Your error here was assuming some dp and then finding a formula that created an x that seemed right to you. You're not testing other dp to find if the formula works. It doesn't.
Yes, as dp goes to zero, if you want to deflect the asteroid at all, you need to be pushing it as much "to the side" of its initial motion as possible in order to change its direction of motion.
Yes, x goes to +90 degrees as dp matches the initial momentum of the asteroid. This is pushing directly
against the asteroid's motion, so the final asteroid momentum along its line of motion is p-dp->0 in this limit, meaning the asteroid stops. That's a "total deflection," or the best you can do. Note that pushing the asteroid forward is a negative value of x. That
never optimizes the deflection angle.
I may have forgotten to note that I've assumed dp<p (which should be clear from the formula) because otherwise Pierce could just easily turn the asteroid around, and we don't need any dramatic "just missing the earth" bit.

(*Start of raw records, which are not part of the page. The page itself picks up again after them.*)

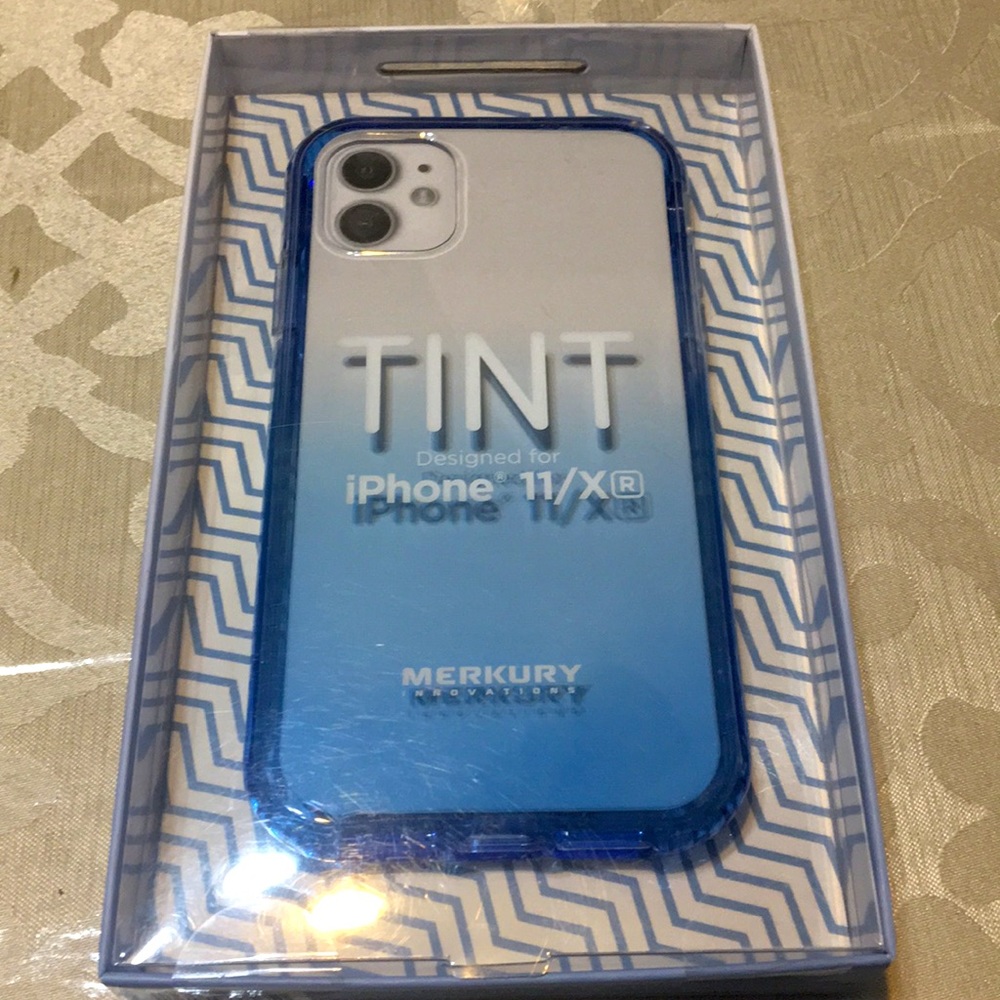 iphone 11/XR blue phone case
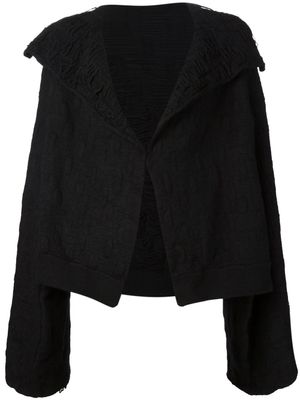 Yohji Yamamoto veste oversize - Noir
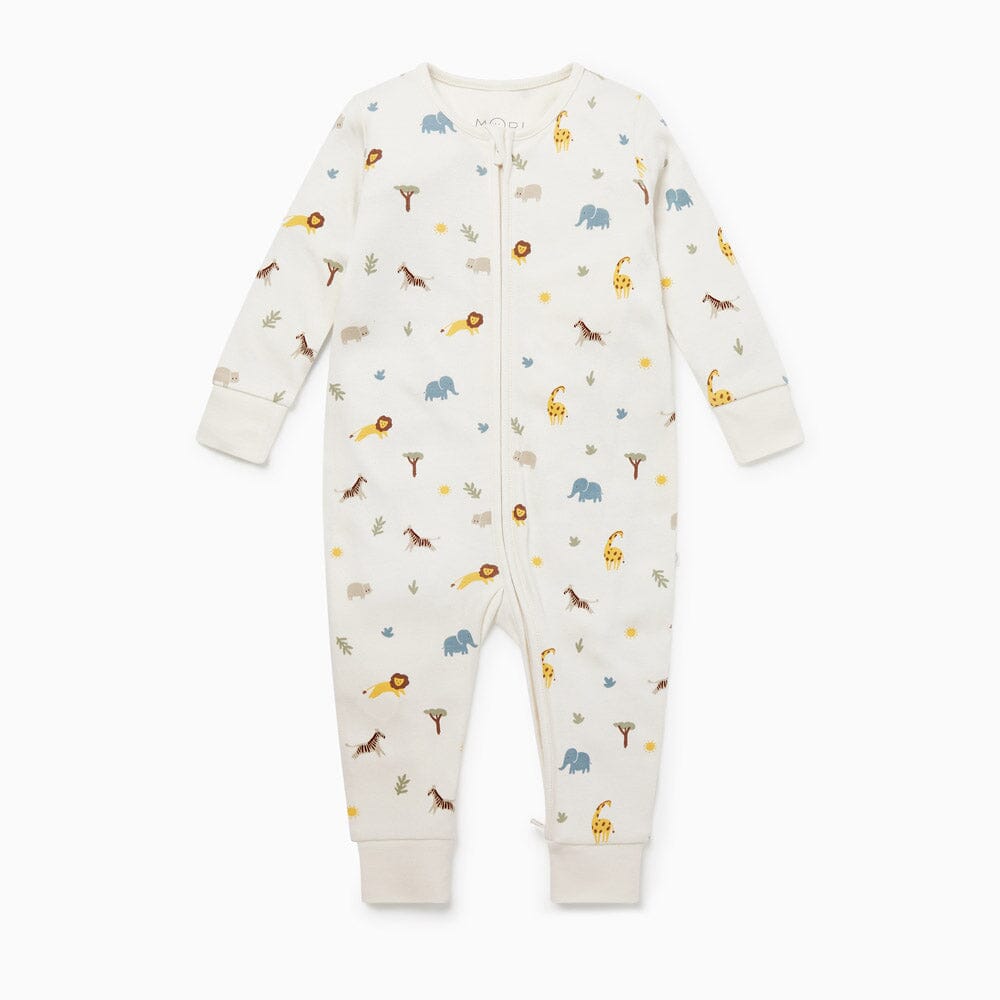 Safari Clever Zip Sleepsuit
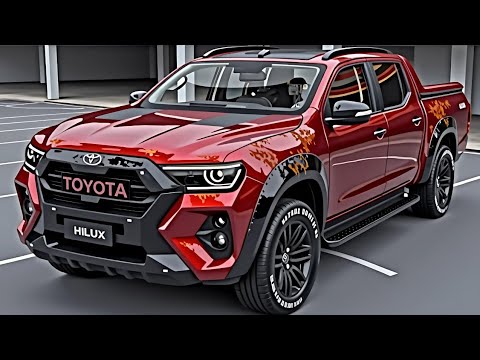 تويوتا هايلوكس 2026 الشاحنة القوية تعود بتصميم مذهل وتقنيات حديثة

Yes, those assumptions were established well upthread as plausible given the launch point of the asteroid and how it should interact with Earth's orbit. A head on example in the Solar frame requires an extra-solar origin for the asteroid or an orbital period of much greater than 100 years (ie, the ellipse of the asteroid's path would have to be at Earth's orbit close to perihelion, and the combined speeds would be YUGE. Further, for your purposes, a head on in the Solar frame is exactly identical to the Earth frame, with the Earth's 30km/s transferred to the asteroid's velocity. At that point, your formula breaks very badly, as it suggests that the weaker your push, the more towards the perpendicular you should push but the stronger you push the more towards opposing the asteroid's path your should push. That doesn't work.
You are giving very specific numbers, like saying "the angle of appoach is 45 degrees for a 30km/s asteroid" in a response to tomB above. While I admit I didn't read the whole thread, that seems more specific than the range of "reasonable" launch points. But it doesn't really matter.

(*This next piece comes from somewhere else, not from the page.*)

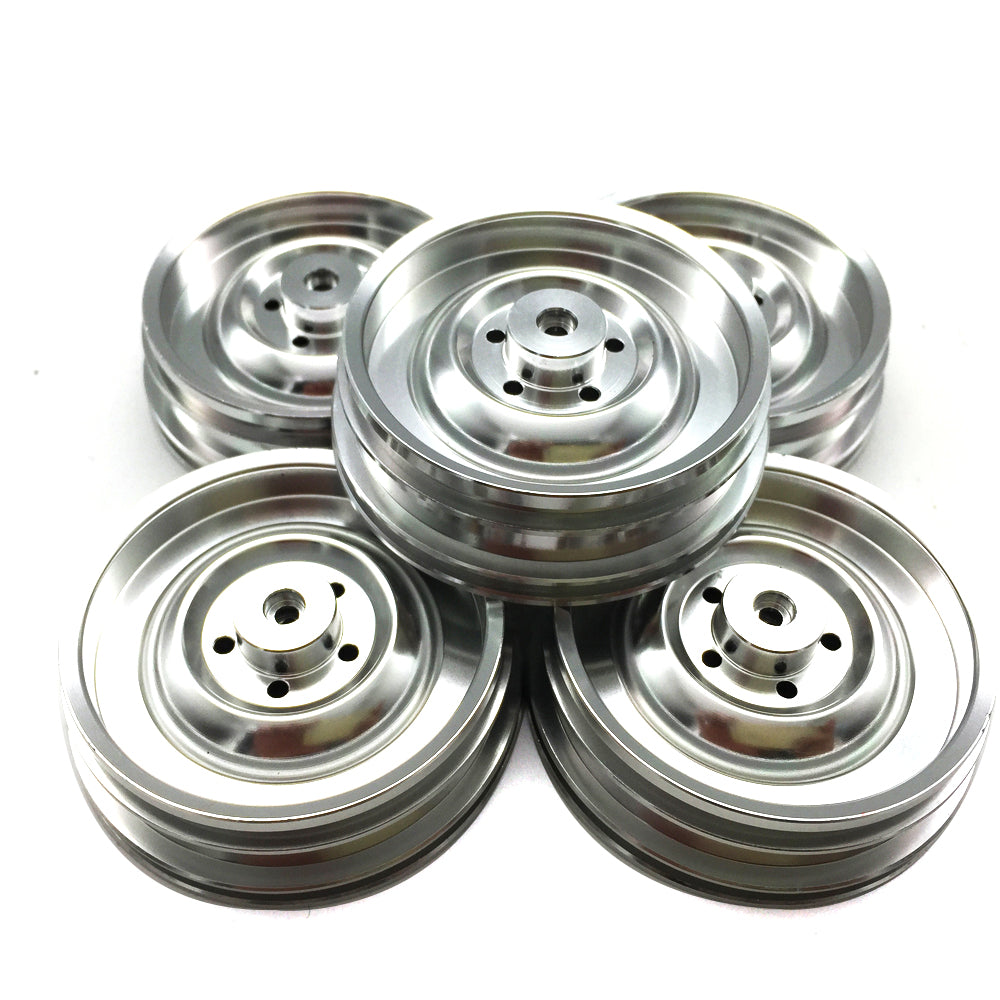 5Pcs/Set JJRC Q65 1/10 Metal RC Car Wheel Hub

Yes, head-on in solar and earth frames looks the same but with different asteroid speeds. My formula doesn't break at all. Look, line up the asteroid's initial velocity/momentum (remember, these are proportional) along the horizontal axis. Pierce then pushes. The asteroid now has a final momentum with a vertical component --- entirely due to Pierce's perpendicular push -- and a horizontal component, which is its initial momentum minus Pierce's parallel push slowing it down. The slope of the new velocity is the vertical part divided by the horizontal part. This slope can get larger if one of two things happens: the numerator gets bigger, or the denominator gets smaller. But if Pierce's push has some fixed total magnitude, you reduce the amount you can shrink the horizontal component of the asteroid momentum by making the numerator bigger, so these are competing effects. My calculation tells you how to balance them to get the biggest slope.
I will go through the next bit in more detail...
In the Earth frame, at a given distance, and assuming an asteroid path aimed straight at Earth, there exists a minimum angle that will cause a miss. This angle doesn't change based on the speed of the asteroid because the extended path will still need to be outside that angle. This angle is easy to determine if you know the distance (d) and Earth's radius (Re) as it's simply Tan-1 (Re/d). At sufficient distance, this angle is small. To generate a miss, you must create an instantaneous dp such that the resulting path exceeds this miss angle.
Yes!
This generates some math, but it's not too bad. Let's call the miss angle (m), the angle of applied dp (x), and the angle the asteroid takes as (a); all angles are measured clockwise from the path. Tan (a) is going to equal the lateral portion of dp, or dpcos(x) divided by p minus the vertical portion of dp, or dpsin(x).
You are getting your trigonometry wrong. If x is the angle from the initial velocity, dp sin(x) is the amount perpendicular to the initial velocity, and dp cos(x) is the amount along the initial velocity, which you have to subtract from the initial momentum. You are effectively choosing x to be measured from the perpendicular to the initial asteroid velocity, with the push parallel to the initial velocity directed backward against the asteroid's velocity. That's what I did also, but this may be part of your confusion.
This is tan(a) = dpcos(x)/(p-dpsin(x)). We can set Tan(a) equal to Tan(m) and get that dpcos(x)/(p-dpsin(x))=Re/d. From this, we can see a few things. One, dp cannot go to 0, and two, x also cannot go to 0 (or 180). This eliminates a push in the direction of the asteroid from generating a miss, as I stated above. Now, let's solve for a dp if x = 90, ie, a perfectly lateral push.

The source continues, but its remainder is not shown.